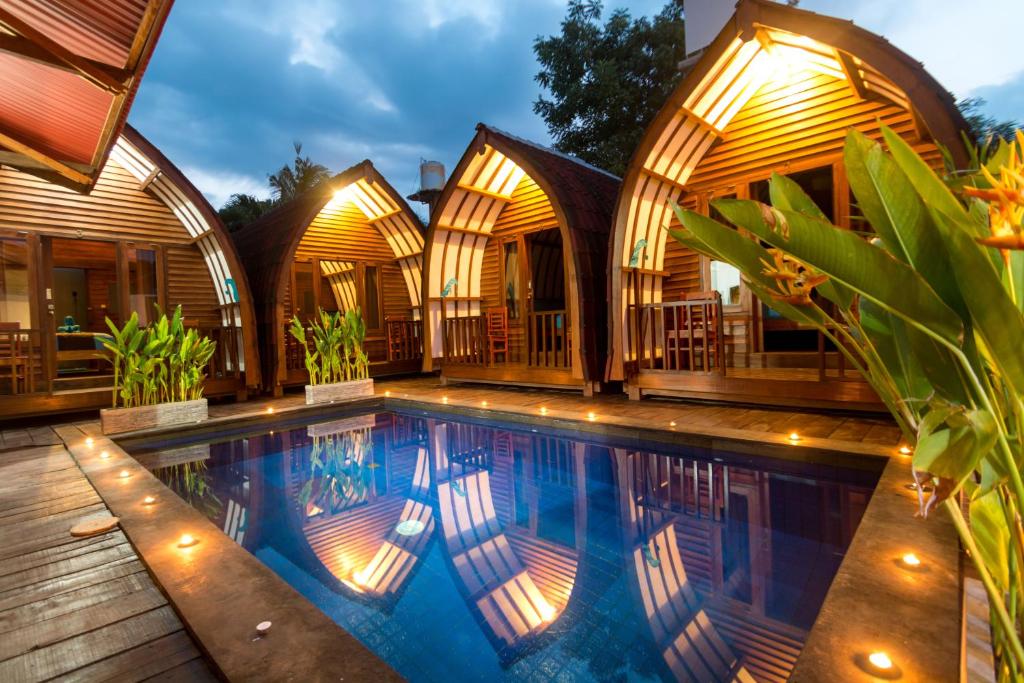 Little Coco Gili Trawangan Hotel في غيلي تراوانغان: فندق فيه مسبح امام مبنى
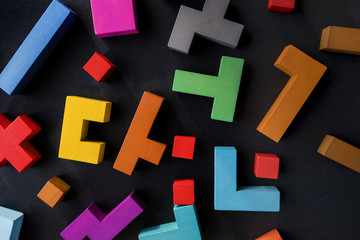 Different colorful shapes wooden blocks on black background, flat lay. Geometric shapes in different colors, top view. Concept of creative, logical thinking or problem solving. Copy space.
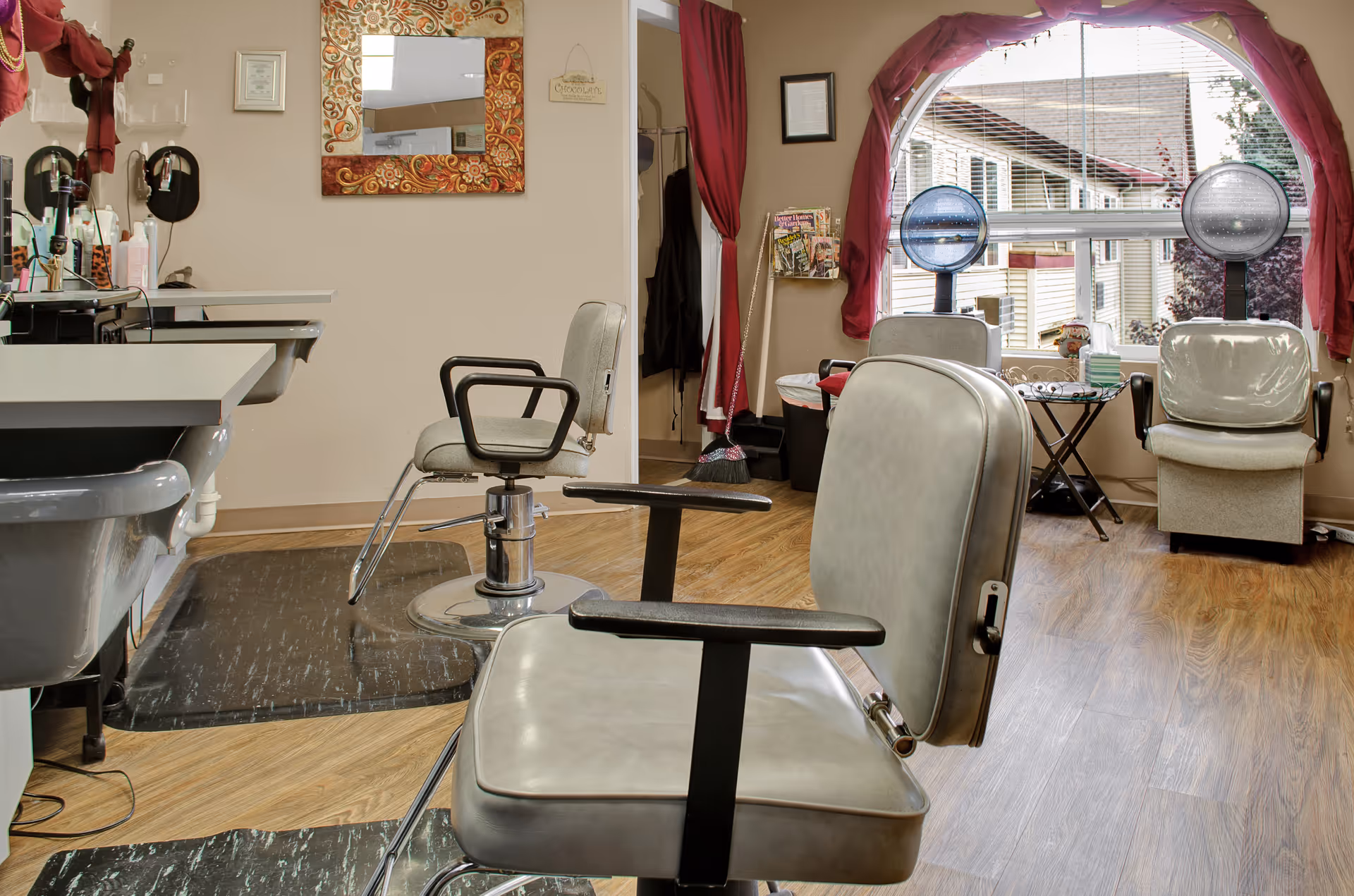 Interior of a hair salon area in a senior living facility with salon chairs, hair dryers, a mirror with a decorative frame, and a window with red curtains overlooking an exterior building.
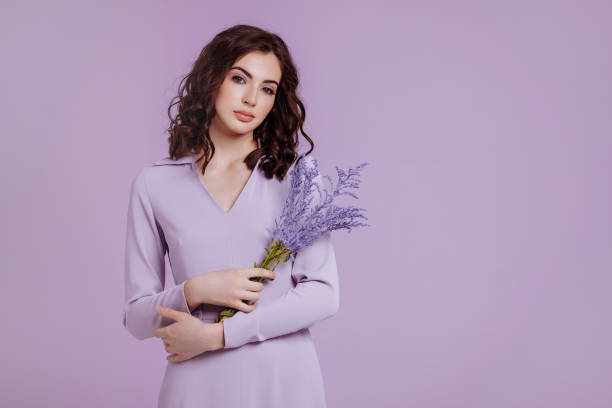 istock Attractive woman with bouquet on lilac background 1479478666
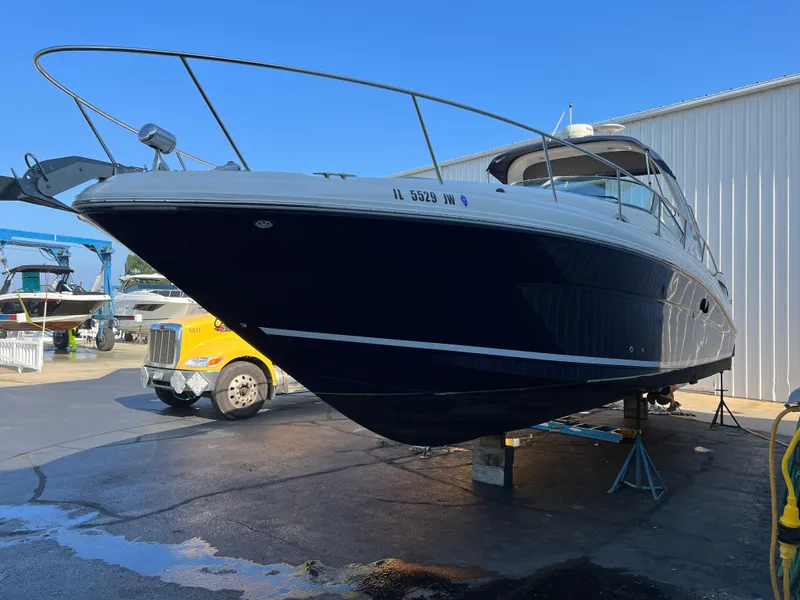 Slide: The Image of 2004 Sea Ray 340 Sundancer boat on dry dock, blue hull, near a yellow truck. - 5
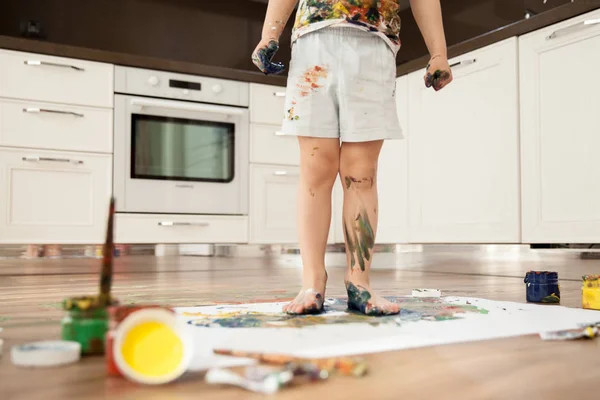 Boyalar ile bulaşmış bir çocuk bir parça kağıt üzerinde duruyor. Çocuğun bacaklarım guaş içinde.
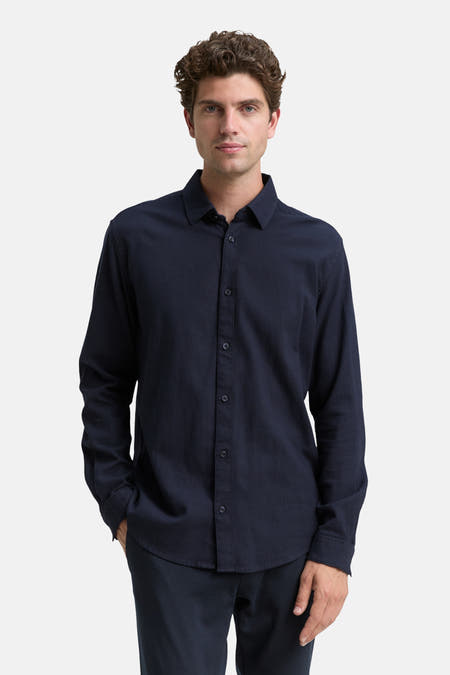 Chemise bleue à manches longues de TOM TAILOR, avec une subtile texture et une fermeture à boutons.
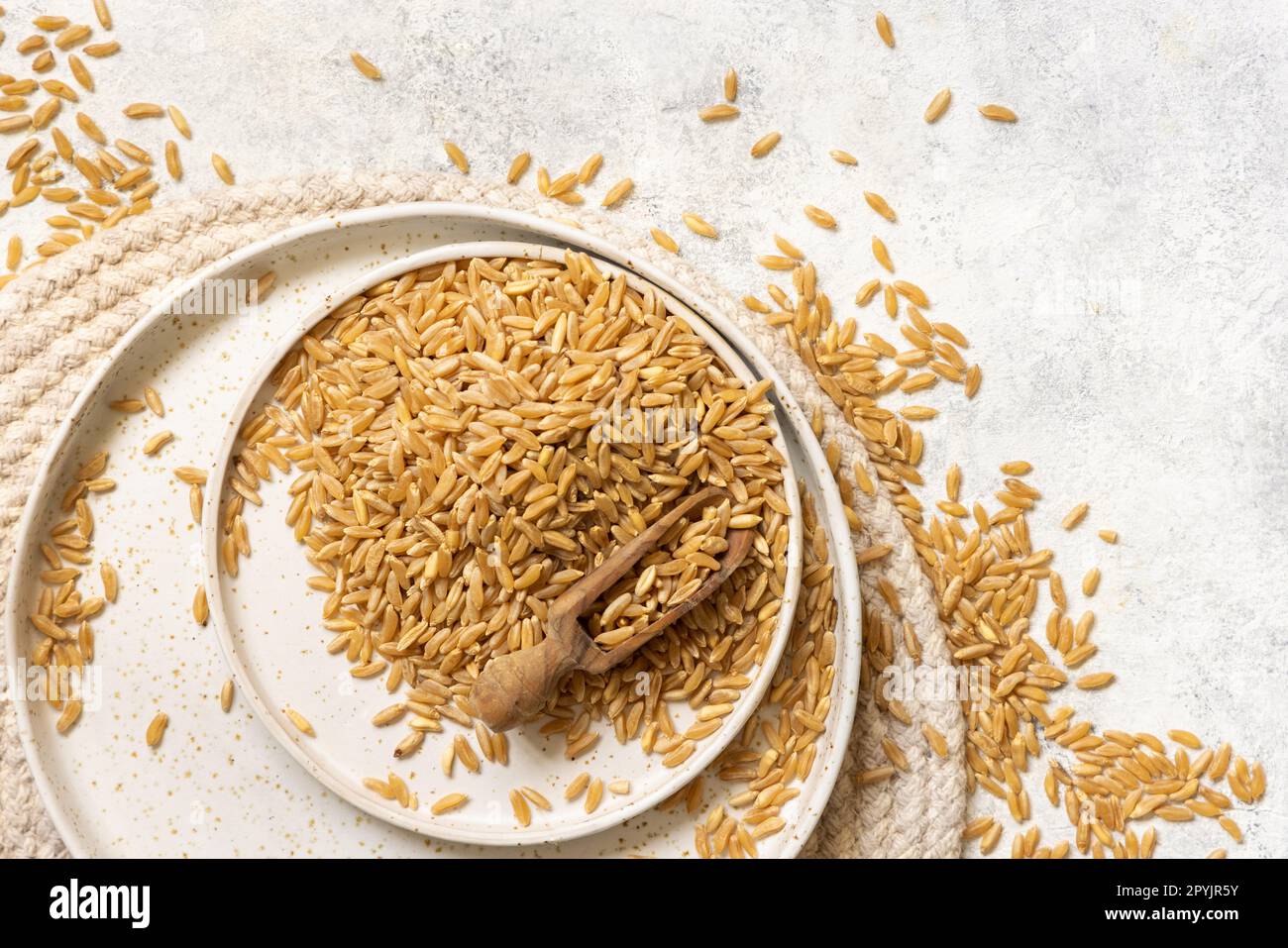 Piatto di grano di segale secco crudo con cucchiaio di legno sulla vista bianca del piano d'esame Foto Stock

> **TASK ITEM**
All of the data should be returned word for word, with each picture left out.

> **TASK RESPONSE**
 Little Coco Gili Trawangan Hotel في غيلي تراوانغان: فندق فيه مسبح امام مبنى
 Different colorful shapes wooden blocks on black background, flat lay. Geometric shapes in different colors, top view. Concept of creative, logical thinking or problem solving. Copy space.
 Interior of a hair salon area in a senior living facility with salon chairs, hair dryers, a mirror with a decorative frame, and a window with red curtains overlooking an exterior building.
 istock Attractive woman with bouquet on lilac background 1479478666
 Slide: The Image of 2004 Sea Ray 340 Sundancer boat on dry dock, blue hull, near a yellow truck. - 5
 Boyalar ile bulaşmış bir çocuk bir parça kağıt üzerinde duruyor. Çocuğun bacaklarım guaş içinde.
 Chemise bleue à manches longues de TOM TAILOR, avec une subtile texture et une fermeture à boutons.
 Piatto di grano di segale secco crudo con cucchiaio di legno sulla vista bianca del piano d'esame Foto Stock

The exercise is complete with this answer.